One person suggested mixing it up. “These names have no other meaning to me than to be affectionate,” he wrote. “I can call the same person daddy, baby, boy, honey, d*ck face, c*m dump, slut, love, depending on how I’m feeling in that moment. And I don’t mind being called any of that.”
And one commenter offered a practical solution, writing, “Just ask them, ‘What do you want to be called?’ It really depends on the dynamic.”
What about all you other daddies out there? What do you call your partners? Give us your terms of endearment—or terms of intercourse—in the comments below
Chrisk
In one way I can see people not liking it. You’re being boxed into a category.
I guess it would depend on who and what you’re looking for though. Like if you’re in your mature years and you chase after younger dudes. Don’t get upset when they refer to you as that.

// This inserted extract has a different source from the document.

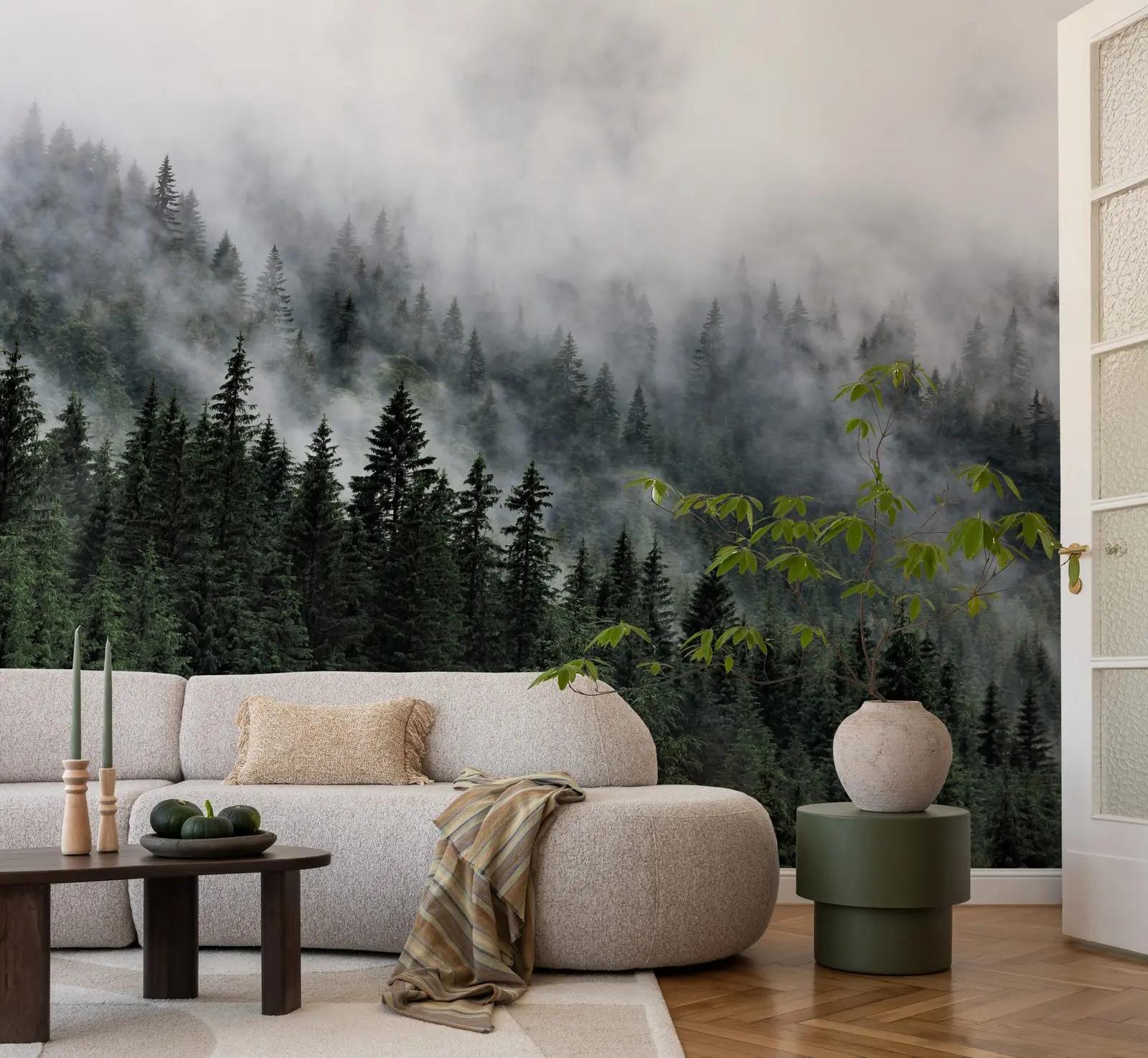 Misty Conifer Forest Wallpaper Mural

It is kind of weird when they do that to say a hunky 30 something though. Something Queerty is very guilty of.
still_onthemark
If anyone calls me daddy, I get the paddle and SPANK him like my father would have!
They don’t do it twice. 🙂
bachy
I have never been called “Daddy” so not sure how it would affect me. But since I have no interest in parenting or children, I think it might be weird to be suddenly addressed with a parental term of endearment…
djbear
At 80, I have even been called grandaddy but do not accept the term. I am attracted to younger guys – my partner for the last 19 years is 36 years younger than me (younger than my three sons who I reserve the term Daddy for). I believe strongly in equal couples and am not into boy daddy role playing. I am versatile so I do not feel dominant either. Perhaps because I taught University, my attitude tends to be younger than my years – having lived much of my life with University students and their attitudes.
Sotzume
What a joke you are.
bachy
@Sotzume: I found djbear’s comment very clear and coherent. What makes you think it’s a “joke”???
Jon in Canada
While I fall into the category of being a Daddy, I hate the term and it’s a quick way to lose respect with me. The term is just creepy and the incestuous underpinning of the word is grotesque. Call me Sir, but never Daddy.
ZzBomb
People get too caught up in terminology and being categorized. I’m not a daddy myself, but have had other sexual partners call me daddy and I love it. It’s just a word, it only has as much power and authority of you that you give it.